== Segment start ==
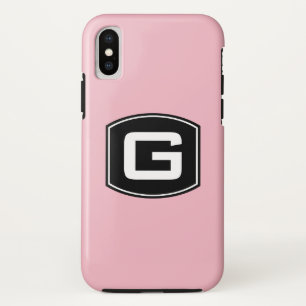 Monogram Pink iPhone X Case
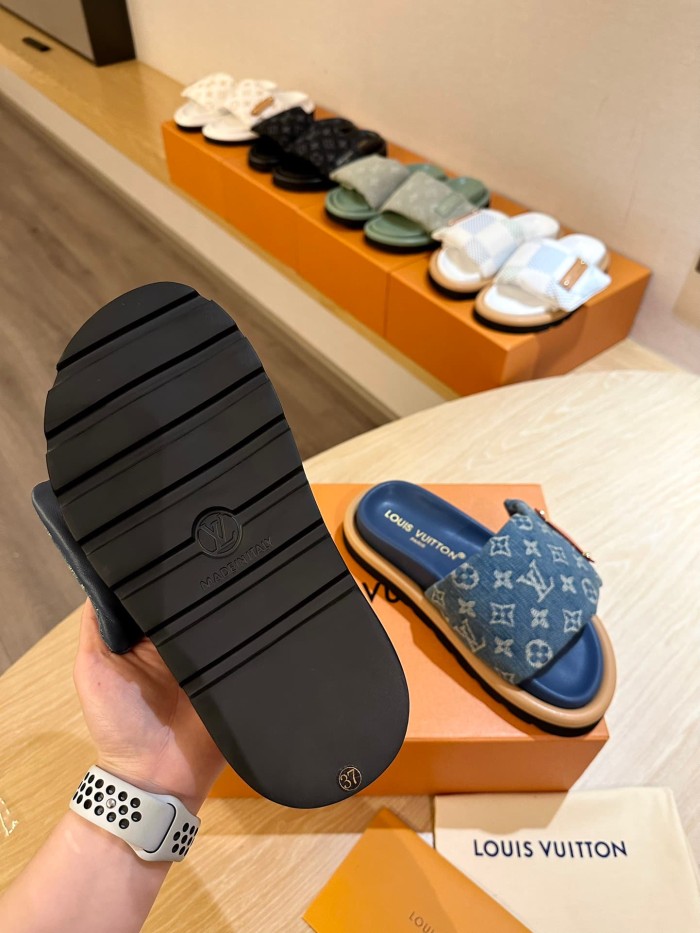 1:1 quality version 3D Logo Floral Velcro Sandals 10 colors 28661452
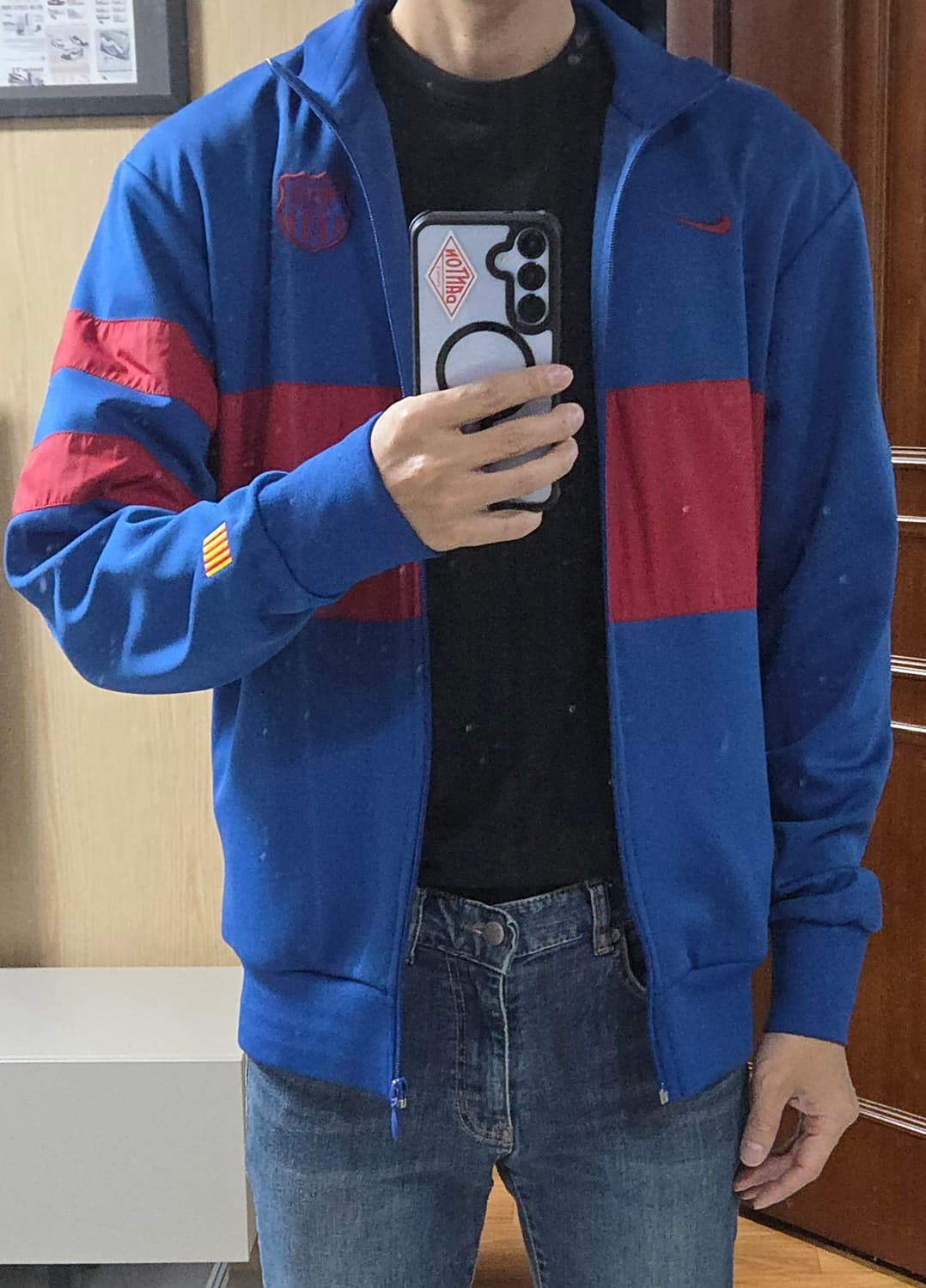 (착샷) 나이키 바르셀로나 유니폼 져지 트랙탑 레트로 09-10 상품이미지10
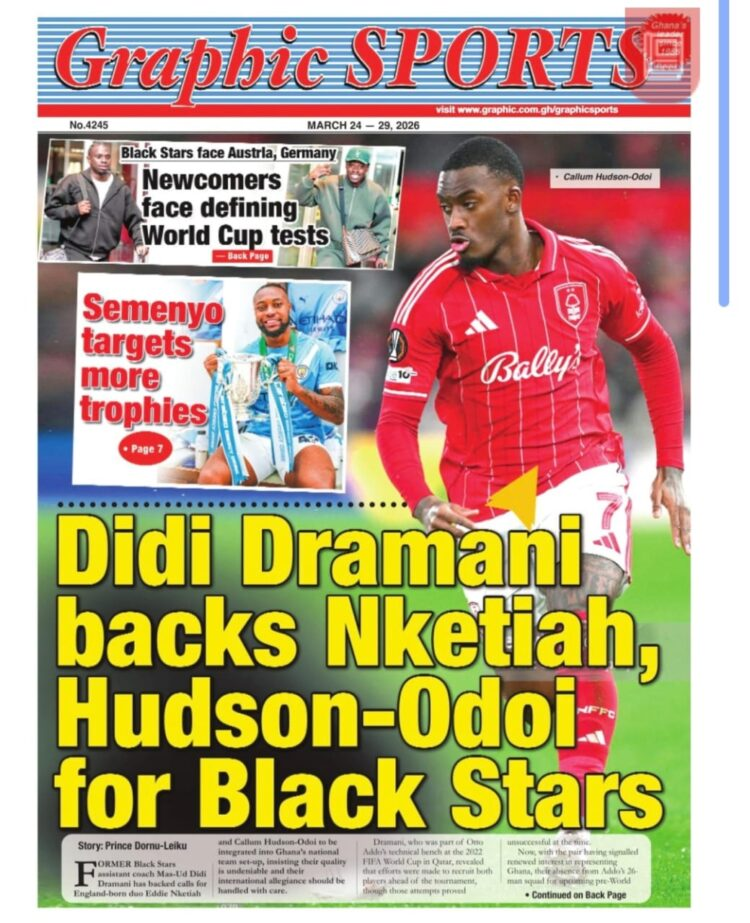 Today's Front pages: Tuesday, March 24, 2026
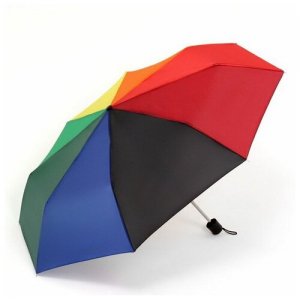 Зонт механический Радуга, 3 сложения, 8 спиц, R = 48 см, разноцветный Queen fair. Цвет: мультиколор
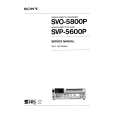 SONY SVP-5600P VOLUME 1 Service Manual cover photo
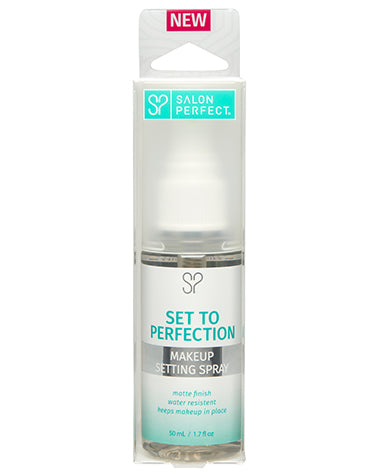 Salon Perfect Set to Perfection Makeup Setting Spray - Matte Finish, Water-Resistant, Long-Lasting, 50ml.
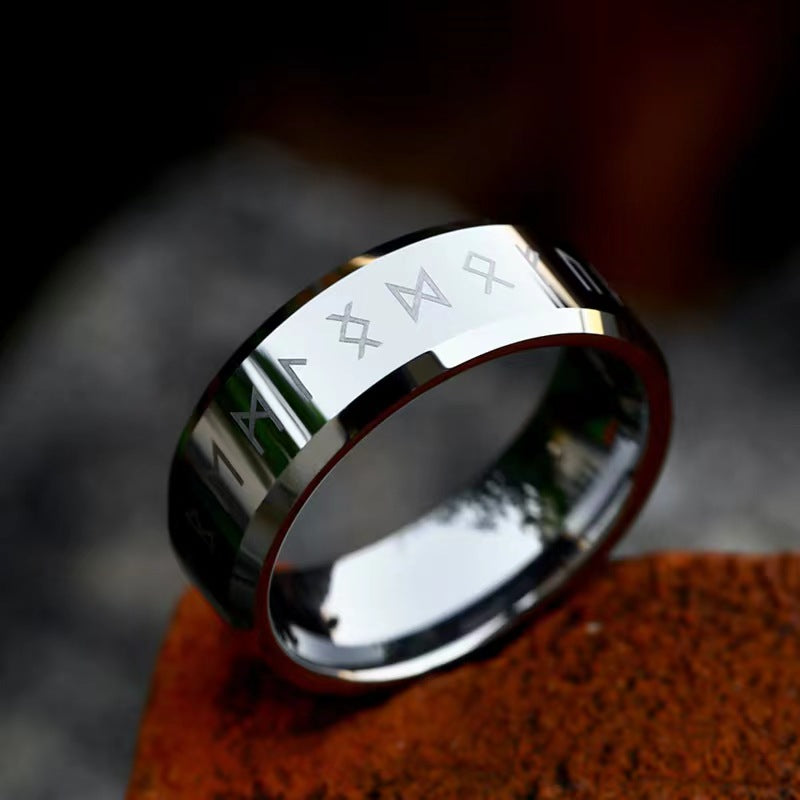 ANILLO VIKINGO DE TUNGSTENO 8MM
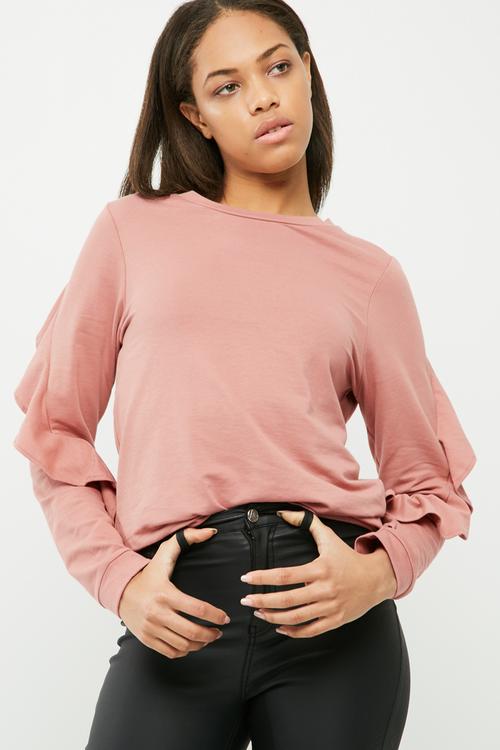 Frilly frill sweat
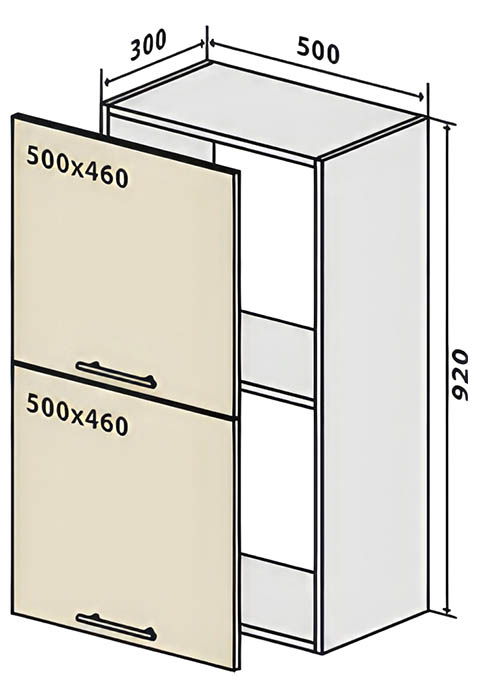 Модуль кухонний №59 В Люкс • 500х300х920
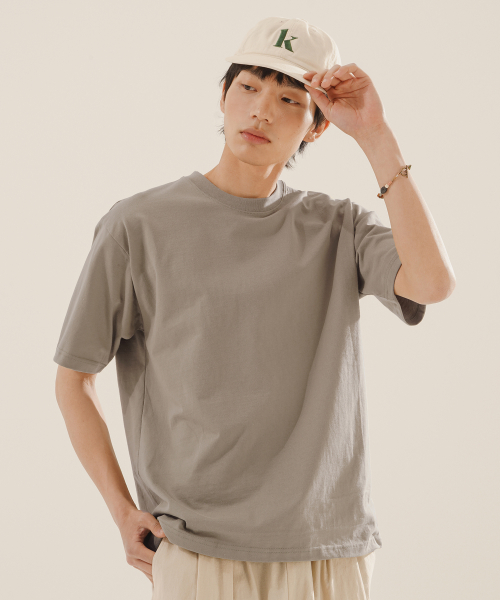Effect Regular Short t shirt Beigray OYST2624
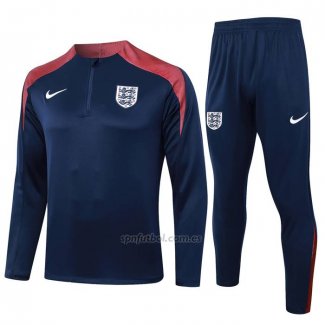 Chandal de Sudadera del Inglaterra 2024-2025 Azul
== Segment end ==
= Aim of the task =
Leave the pictures out and please restate exactly the lines running from the start of the material through the one with "Effect Regular Short t shirt Beigray OYST2624".

= Solution to the problem =
 Monogram Pink iPhone X Case
 1:1 quality version 3D Logo Floral Velcro Sandals 10 colors 28661452
 (착샷) 나이키 바르셀로나 유니폼 져지 트랙탑 레트로 09-10 상품이미지10
 Today's Front pages: Tuesday, March 24, 2026
 Зонт механический Радуга, 3 сложения, 8 спиц, R = 48 см, разноцветный Queen fair. Цвет: мультиколор
 SONY SVP-5600P VOLUME 1 Service Manual cover photo
 Salon Perfect Set to Perfection Makeup Setting Spray - Matte Finish, Water-Resistant, Long-Lasting, 50ml.
 ANILLO VIKINGO DE TUNGSTENO 8MM
 Frilly frill sweat
 Модуль кухонний №59 В Люкс • 500х300х920
Effect Regular Short t shirt Beigray OYST2624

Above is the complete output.